### The problem
The response must hold only the lines from the line containing "官兵進行彈箱裝載作業。（軍聞社記者林澤廷攝）" through the end of the listing, exactly as written.

**** Dataset records ****

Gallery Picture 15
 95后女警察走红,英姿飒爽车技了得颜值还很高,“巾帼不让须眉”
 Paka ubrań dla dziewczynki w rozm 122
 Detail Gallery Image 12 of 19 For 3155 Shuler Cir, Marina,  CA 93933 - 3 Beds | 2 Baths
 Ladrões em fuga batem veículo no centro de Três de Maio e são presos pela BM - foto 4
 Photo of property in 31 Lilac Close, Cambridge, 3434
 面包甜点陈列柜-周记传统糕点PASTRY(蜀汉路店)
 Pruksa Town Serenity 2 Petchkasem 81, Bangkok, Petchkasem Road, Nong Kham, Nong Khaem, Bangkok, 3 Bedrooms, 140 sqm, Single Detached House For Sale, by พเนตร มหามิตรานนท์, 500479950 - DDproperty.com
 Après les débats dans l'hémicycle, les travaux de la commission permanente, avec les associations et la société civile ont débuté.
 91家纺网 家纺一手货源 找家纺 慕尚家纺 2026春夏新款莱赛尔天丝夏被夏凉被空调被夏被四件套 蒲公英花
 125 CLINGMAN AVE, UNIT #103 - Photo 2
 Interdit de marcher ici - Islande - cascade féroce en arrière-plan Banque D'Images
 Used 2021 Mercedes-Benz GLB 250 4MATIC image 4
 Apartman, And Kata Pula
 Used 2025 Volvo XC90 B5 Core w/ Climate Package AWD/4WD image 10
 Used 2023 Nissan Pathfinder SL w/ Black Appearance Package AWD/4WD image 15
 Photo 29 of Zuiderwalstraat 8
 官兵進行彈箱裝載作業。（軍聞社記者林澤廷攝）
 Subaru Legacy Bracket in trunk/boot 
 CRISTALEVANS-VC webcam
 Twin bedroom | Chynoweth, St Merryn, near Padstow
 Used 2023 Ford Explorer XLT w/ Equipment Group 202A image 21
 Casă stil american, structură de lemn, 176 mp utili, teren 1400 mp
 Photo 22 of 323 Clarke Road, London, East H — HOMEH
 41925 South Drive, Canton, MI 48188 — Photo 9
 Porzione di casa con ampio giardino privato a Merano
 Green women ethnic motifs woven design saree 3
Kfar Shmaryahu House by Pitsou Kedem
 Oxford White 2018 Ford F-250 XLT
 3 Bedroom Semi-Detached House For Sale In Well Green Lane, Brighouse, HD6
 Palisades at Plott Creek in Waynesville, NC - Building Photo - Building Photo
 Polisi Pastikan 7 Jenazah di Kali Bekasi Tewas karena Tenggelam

****

### Written answer
 官兵進行彈箱裝載作業。（軍聞社記者林澤廷攝）
 Subaru Legacy Bracket in trunk/boot 
 CRISTALEVANS-VC webcam
 Twin bedroom | Chynoweth, St Merryn, near Padstow
 Used 2023 Ford Explorer XLT w/ Equipment Group 202A image 21
 Casă stil american, structură de lemn, 176 mp utili, teren 1400 mp
 Photo 22 of 323 Clarke Road, London, East H — HOMEH
 41925 South Drive, Canton, MI 48188 — Photo 9
 Porzione di casa con ampio giardino privato a Merano
 Green women ethnic motifs woven design saree 3
Kfar Shmaryahu House by Pitsou Kedem
 Oxford White 2018 Ford F-250 XLT
 3 Bedroom Semi-Detached House For Sale In Well Green Lane, Brighouse, HD6
 Palisades at Plott Creek in Waynesville, NC - Building Photo - Building Photo
 Polisi Pastikan 7 Jenazah di Kali Bekasi Tewas karena Tenggelam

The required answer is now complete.